И здесь, на переправе, идёт во время дневного отдыха обычная, прекрасная своей святой будничностью жизнь. Кухни, зарытые в землю, варят обед, русская печь, хитро и умело построенная в земле, печет пышный, лёгкий подовый хлеб, и пекари посмеиваются, гордятся своим отличным мастерством. Бойко работает подземная баня и отчаянно парятся в ней, лупцуют себя вениками сорокалетние бойцы сталинградской переправы, пока вокруг них, совсем рядом, рвутся тяжёлые бомбы немецких пикировщиков. При слабом свете, проникающем в блиндаж пишут бойцы письма, не забывают послать поклон всей близкой и дальней родне, чтоб, не дай бог, не обидеть невниманием деда Ивана Дмитриевича или бабку Марию Семёновну. А о себе пишут в этих письмах сурово и кратко: «Живу хорошо. Пока жив».

И ничто не изменит справедливого отношения бойца к жизни.

Немцы всё неистовствуют над полосой волжского берега. Немецкие лётчики разнесли прямым попаданием бомбы русскую печь, где пёкся хлеб, но печь снова отстроили. Воздушной волной снесло трубу с бани, но снова дымит труба, и парится в бане ярославец.

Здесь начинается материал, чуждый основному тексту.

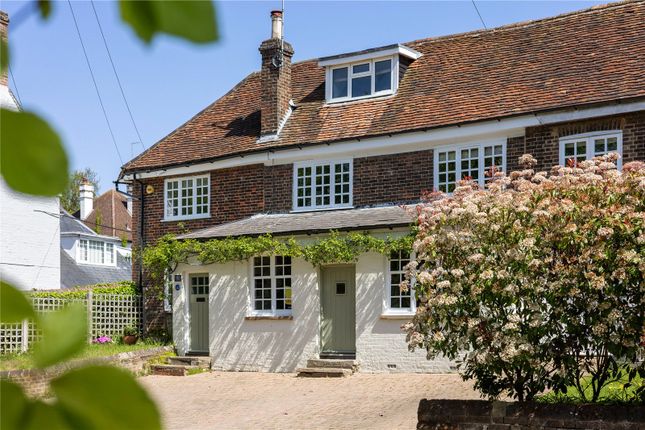 4 bed property, in Piccotts End, £1,195,000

В блиндаж заместителя командира батальона вбежал повар и одновременно весёлым и злым голосом крикнул:

— Разрешите доложить, кухня во второй роте взлетела, вся чисто, вместе со щами, двухсоткой, прямым попаданием!

— Не медля варить второй обед в котле, — сказал Перминов.

Жизнь упряма, крепок наш человек, — его не сломать всей силой немецкого огня. Но тяжело ему, пусть никто не думает, что легко здесь воевать, что привычка к огню снимает тяжесть войны. Смерть идёт рядом с жизнью, дороги их здесь слились. Недалеко от штаба кладбище. Среди жёлтых опавших листьев стоят строгие холмики — могилы, простые дощатые памятники с фамилией, именем, датой смерти. Когда-нибудь здесь будет стоять суровый и тёмный гранитный обелиск, памятник героям сталинградской переправы. И люди прочтут на нём имена двадцати восьми бойцов-ярославцев, прочтут имя комбата Смеречинского, основателя переправы, прочтут имя его преемника — чеченца капитана Езаева, прочтут о Шоломе Аксельроде, командире технического взвода, убитом миной при наведении переправы. И людям расскажут, как в тёмные ночи, как при свете полной луны, когда Волга горела синим огнём, молча стоял у раскрытой могилы батальон, какую речь говорил бойцам Перминов и как сурово гремел в холодном осеннем воздухе салют.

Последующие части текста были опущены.